Copy out, from the data below, each line in which the word "Manual" occurs.

═══ Record extracts ═══

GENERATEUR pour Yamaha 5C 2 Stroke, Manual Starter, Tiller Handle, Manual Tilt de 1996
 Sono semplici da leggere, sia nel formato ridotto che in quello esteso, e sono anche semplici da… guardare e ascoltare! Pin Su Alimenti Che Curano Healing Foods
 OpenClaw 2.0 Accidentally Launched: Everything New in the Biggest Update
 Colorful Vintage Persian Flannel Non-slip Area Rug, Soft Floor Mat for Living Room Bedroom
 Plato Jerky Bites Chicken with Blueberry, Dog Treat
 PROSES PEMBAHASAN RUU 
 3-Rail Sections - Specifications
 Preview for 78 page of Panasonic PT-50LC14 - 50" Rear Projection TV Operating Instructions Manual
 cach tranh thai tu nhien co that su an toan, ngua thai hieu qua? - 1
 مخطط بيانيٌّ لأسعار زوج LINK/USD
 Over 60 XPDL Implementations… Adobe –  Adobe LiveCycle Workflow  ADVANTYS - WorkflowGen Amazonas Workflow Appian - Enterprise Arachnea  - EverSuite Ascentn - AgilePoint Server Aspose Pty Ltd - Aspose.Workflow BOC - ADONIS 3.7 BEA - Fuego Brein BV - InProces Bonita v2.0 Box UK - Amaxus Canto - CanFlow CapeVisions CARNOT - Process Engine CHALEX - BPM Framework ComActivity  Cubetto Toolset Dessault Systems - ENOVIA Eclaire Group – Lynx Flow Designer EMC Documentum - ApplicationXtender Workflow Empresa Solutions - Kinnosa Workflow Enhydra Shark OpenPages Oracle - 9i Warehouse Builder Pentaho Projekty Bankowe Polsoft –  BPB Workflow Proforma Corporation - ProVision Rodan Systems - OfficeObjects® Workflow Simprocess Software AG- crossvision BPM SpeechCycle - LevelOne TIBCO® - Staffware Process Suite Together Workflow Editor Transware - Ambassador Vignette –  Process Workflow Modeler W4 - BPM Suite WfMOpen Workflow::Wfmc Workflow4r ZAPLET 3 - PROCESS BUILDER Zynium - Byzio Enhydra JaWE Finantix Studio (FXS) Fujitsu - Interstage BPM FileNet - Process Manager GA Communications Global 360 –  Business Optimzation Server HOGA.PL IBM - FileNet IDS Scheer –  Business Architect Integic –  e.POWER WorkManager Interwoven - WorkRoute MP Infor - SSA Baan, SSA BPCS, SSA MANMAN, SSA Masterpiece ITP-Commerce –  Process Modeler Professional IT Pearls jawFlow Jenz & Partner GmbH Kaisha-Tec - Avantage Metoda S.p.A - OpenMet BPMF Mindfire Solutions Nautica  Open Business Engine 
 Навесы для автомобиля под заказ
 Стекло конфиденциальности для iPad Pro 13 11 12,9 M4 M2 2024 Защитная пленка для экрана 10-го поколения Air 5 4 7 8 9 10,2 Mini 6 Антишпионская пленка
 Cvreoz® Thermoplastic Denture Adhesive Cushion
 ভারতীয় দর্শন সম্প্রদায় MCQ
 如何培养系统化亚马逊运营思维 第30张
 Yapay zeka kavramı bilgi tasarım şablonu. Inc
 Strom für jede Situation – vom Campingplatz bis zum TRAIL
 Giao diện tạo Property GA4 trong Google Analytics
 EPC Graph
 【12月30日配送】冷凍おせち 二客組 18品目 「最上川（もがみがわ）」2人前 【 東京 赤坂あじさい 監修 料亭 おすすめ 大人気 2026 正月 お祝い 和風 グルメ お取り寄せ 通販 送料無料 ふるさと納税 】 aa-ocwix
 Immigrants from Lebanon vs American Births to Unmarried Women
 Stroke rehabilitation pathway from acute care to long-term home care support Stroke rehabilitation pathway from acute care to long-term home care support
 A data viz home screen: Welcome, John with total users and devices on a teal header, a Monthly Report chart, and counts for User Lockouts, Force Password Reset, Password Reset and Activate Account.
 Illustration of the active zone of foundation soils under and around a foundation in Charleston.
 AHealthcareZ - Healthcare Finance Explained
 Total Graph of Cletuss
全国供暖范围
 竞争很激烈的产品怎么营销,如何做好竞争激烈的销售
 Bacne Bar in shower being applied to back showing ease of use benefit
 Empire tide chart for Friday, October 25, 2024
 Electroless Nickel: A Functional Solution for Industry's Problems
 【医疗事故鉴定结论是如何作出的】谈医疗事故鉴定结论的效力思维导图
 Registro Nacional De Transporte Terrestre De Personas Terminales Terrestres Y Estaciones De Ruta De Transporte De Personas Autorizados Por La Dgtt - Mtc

═══

Written solution:
GENERATEUR pour Yamaha 5C 2 Stroke, Manual Starter, Tiller Handle, Manual Tilt de 1996
 Preview for 78 page of Panasonic PT-50LC14 - 50" Rear Projection TV Operating Instructions Manual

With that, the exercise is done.